5.3. Skenario “Ringgit Memperkuat Lebih Lanjut”
- Penguatan >1 % terhadap USD dalam 2‑3 minggu ke depan.
- Dampak: Harga CPO dalam USD turun, meningkatkan selera membeli bagi importir yang mengandalkan dolar. Ini dapat menstabilkan atau meningkatkan permintaan di luar Asia (mis. Afrika, Amerika Selatan).
- Rekomendasi: Fokus pada strategi basis (USD‑RM) untuk mengunci spread yang menguntungkan.
6. Rekomendasi Kebijakan & Praktik Pasar
- Peningkatan Transparansi Data – MPOB sebaiknya merilis estimasi mingguan persediaan dan ekspor, agar pasar dapat menyesuaikan ekspektasi secara real‑time.
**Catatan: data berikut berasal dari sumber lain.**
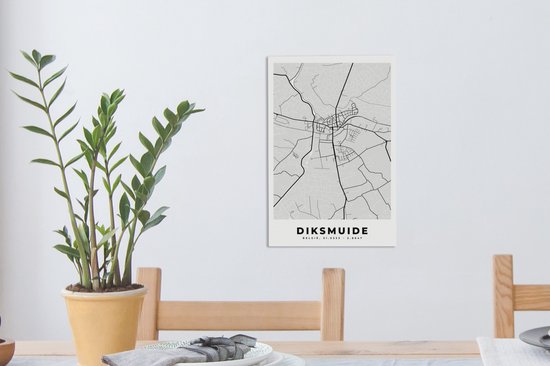Peinture sur Toile België – Dixmude – Plan de Ville – Carte – Wit – Carte - 20x30 cm - Décoration murale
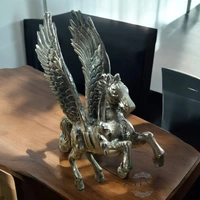Sold By ZAIN R CREATION Decorative Flying Horse Angel Home Office Showpiece - H.12'' L.10'' W.3'', Nickel, Aluminium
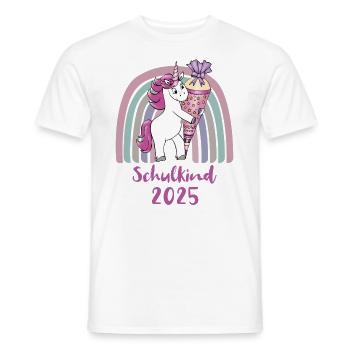 Écolier 2025 Licorne avec cône de sucre arc-en-ciel - T-shirt homme - blanc - Devant - AI Model Male 178 dark (178cm)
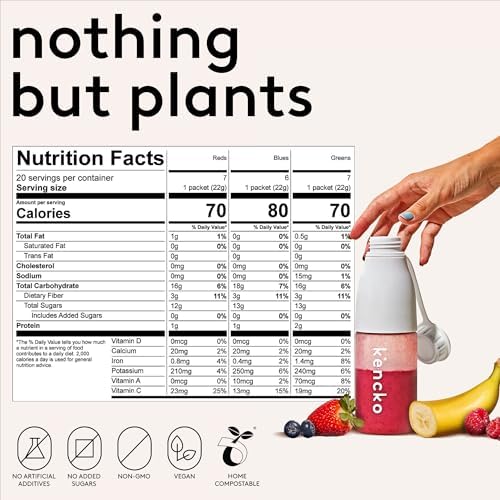 kencko Instant Smoothie Powder Mix Variety Packets, 20 Pack - Reds, Blues & Greens - Healthy Freeze-Dried Fruit & Veggie Superfood Powdered Drink Mix - Plant-based, Vegan, Dairy Free & No Added Sugar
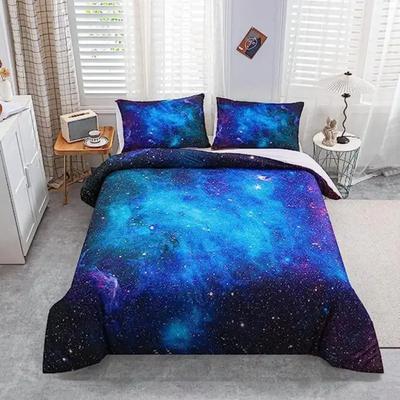 Funda Nórdica Galaxy Tamaño Completo para Niñas Niños Adolescentes Niño Cielo Estrellado Cosmos Funda de Edredón Microfibra Suave Cremallera Azul Púrpura Decoración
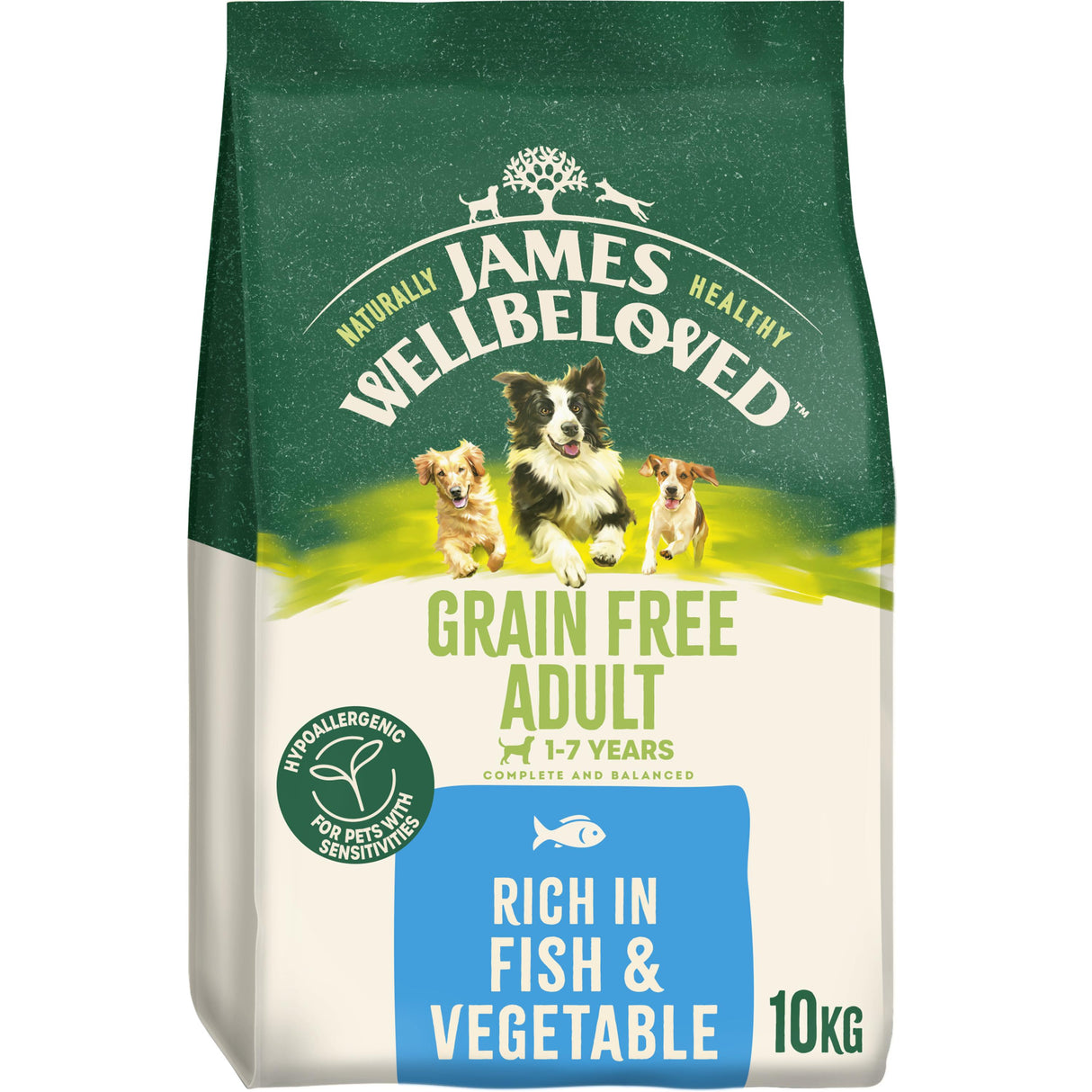James Wellbeloved Grain Free Adult Complete Dry Dog Food Fish & Veg - 10kg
- Diversifikasi Pasar Tujuan – Pemerintah Malaysia dan asosiasi industri sawit harus memperluas pangsa pasar ke wilayah‑wilayah yang belum terlalu terpengaruh oleh penurunan impor India, seperti Timur Tengah, Afrika Barat, dan negara‑negara ASEAN yang sedang memperkuat konsumsi minyak nabati.
- Penguatan Rantai Nilai Tambah – Insentif untuk pemrosesan hilir (refining, biodiesel, oleochemical) dapat meningkatkan nilai ekspor dan mengurangi sensitivitas harga primer.
- Manajemen Risiko Nilai Tukar – Eksportir dianjurkan untuk menggunakan kontrak forward atau swap Ringgit/USD guna melindungi margin ketika nilai tukar berfluktuasi tajam.
- Kolaborasi Regional – Memperkuat koordinasi ASEAN Oil Palm Forum untuk menstabilkan pasokan, mengatur produksi secara seasonal, dan menghindari over‑supply yang merusak harga.
7. Kesimpulan
- Penurunan harga CPO pada awal 2026 merupakan konvergensi antara faktor fundamental (kelebihan persediaan, penguatan Ringgit, permintaan India melemah) dan faktor teknikal (breakout di bawah batas support).
- Data MPOB pada 12 Januari menjadi batu loncatan utama untuk menentukan arah selanjutnya; pasar akan menguji rentang teknikal RM 3.975‑4.024.
- Bagi pelaku pasar (petani, eksportir, trader) dan pembuat kebijakan, penting untuk mengelola risiko nilai tukar, memperkuat nilai tambah, serta mendorong diversifikasi pasar agar sektor sawit tetap kompetitif di tengah persaingan minyak nabati global.
Dengan memantau secara cermat data fundamental, pergerakan Ringgit, dan sinyal teknikal, semua pihak dapat menyiapkan strategi yang adaptif – baik untuk memanfaatkan peluang rebound bila data MPOB mendukung, maupun mengurangi eksposur bila tekanan penawaran berlanjut.
Catatan: Analisis ini didasarkan pada data publikasi tanggal 6 Januari 2026 dan asumsi makroekonomi hingga pertengahan 2026. Perubahan kondisi geopolitik, kebijakan moneter, atau kejadian cuaca ekstrem dapat mengubah prospek secara signifikan.